Born in London on February 13, 1743, Banks came from an exceedingly wealthy family with an enormous estate in Lincolnshire. He undertook his early education at Eton, and it was there, at age 14, that Banks, as he later recalled, discovered his calling in life. One summer evening, he was walking near the school when he suddenly became aware of the variety of flowers growing along the lane. Inspired to study nature, thereafter he learned as much as he could about botany. Upon arriving at Oxford University and discovering that it had no professor of botany, the young heir (his father had died when he was young) simply hired a botany professor from Oxford's rival, Cambridge, and brought the instructor back to Oxford to teach him.

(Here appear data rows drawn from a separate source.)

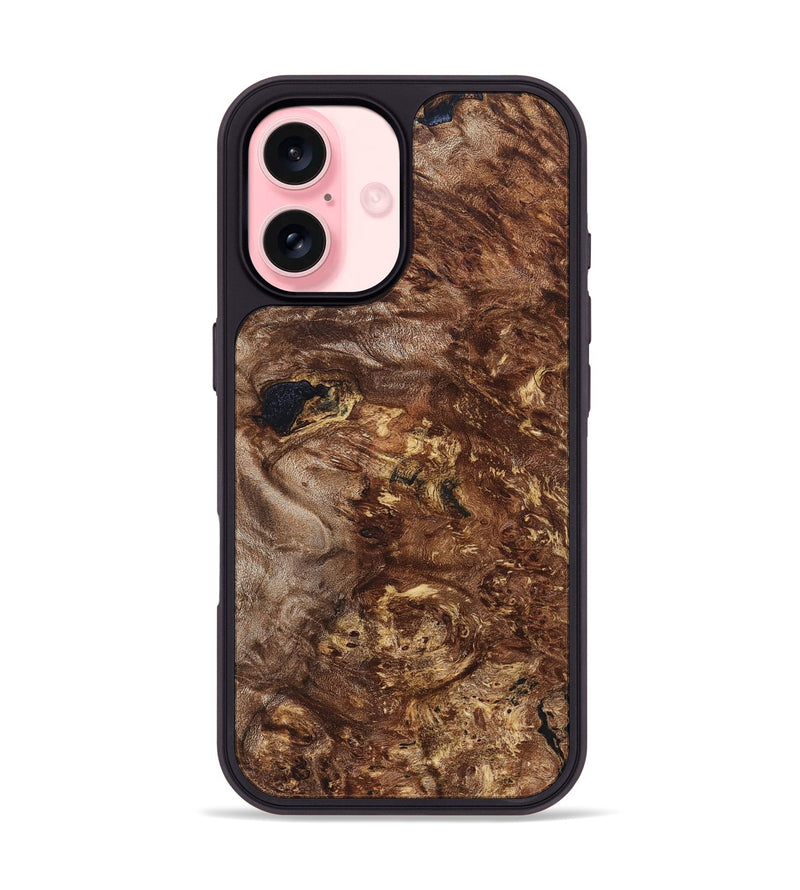 iPhone 16 Wood Phone Case - Tiara (Wood Burl, 828326)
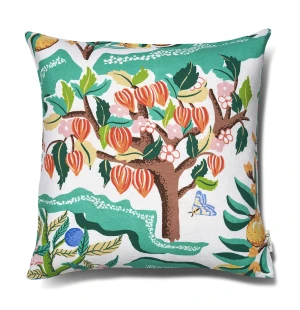Classic Collection BOTANICAL CHERRY kuddfodral, vit image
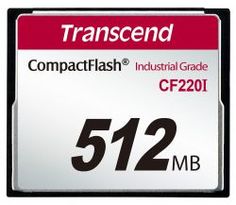 Промышленная карта памяти CompactFlash 512Gb Transcend TS512MCF220I UDMA mode 220x industrial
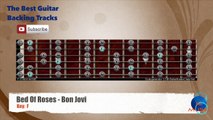 Bed Of Roses - Bon Jovi Guitar Backing Track with scale chart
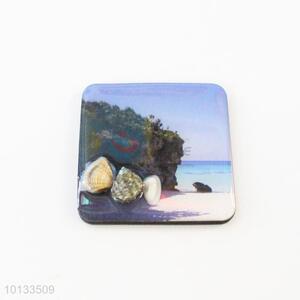 Seaside Square Epoxy Fridge Magnet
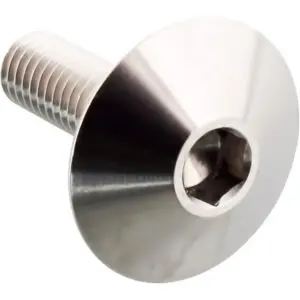 JMP Linsenschraube M5x0.8mm 16mm Kopfdurchmesser: 16mm Edelstahl V4A silber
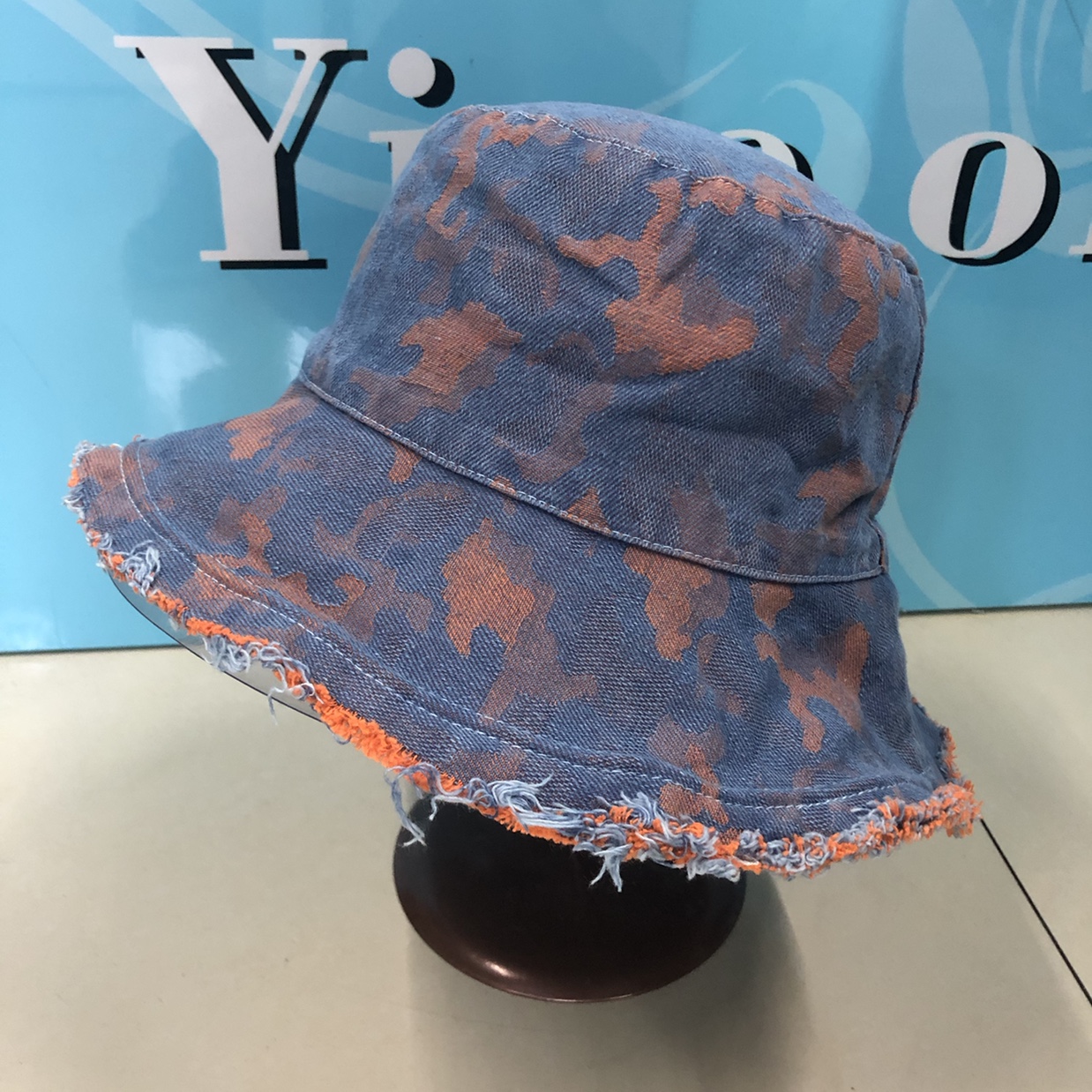 Pot Hat Boom Fisherman Hat Denim Hat Visor Korean Version Of Ins Style Fashion Hat Camouflage Cowboy Application Scenario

After graduating from Oxford in 1763 and gaining his full inheritance the following year when he turned 21, Banks became a fellow of the Royal Society in 1766. He went on his first voyage later that year, aboard the Niger to collect plant specimens in Newfoundland and Labrador. Returning to England, he soon learned about the opportunity of a lifetime: a chance to sail with Captain Cook as onboard naturalist. Banks would have to pay his own expenses, and those of his staff, but that was no problem for him, so in 1768 he left England with Cook aboard the Endeavor.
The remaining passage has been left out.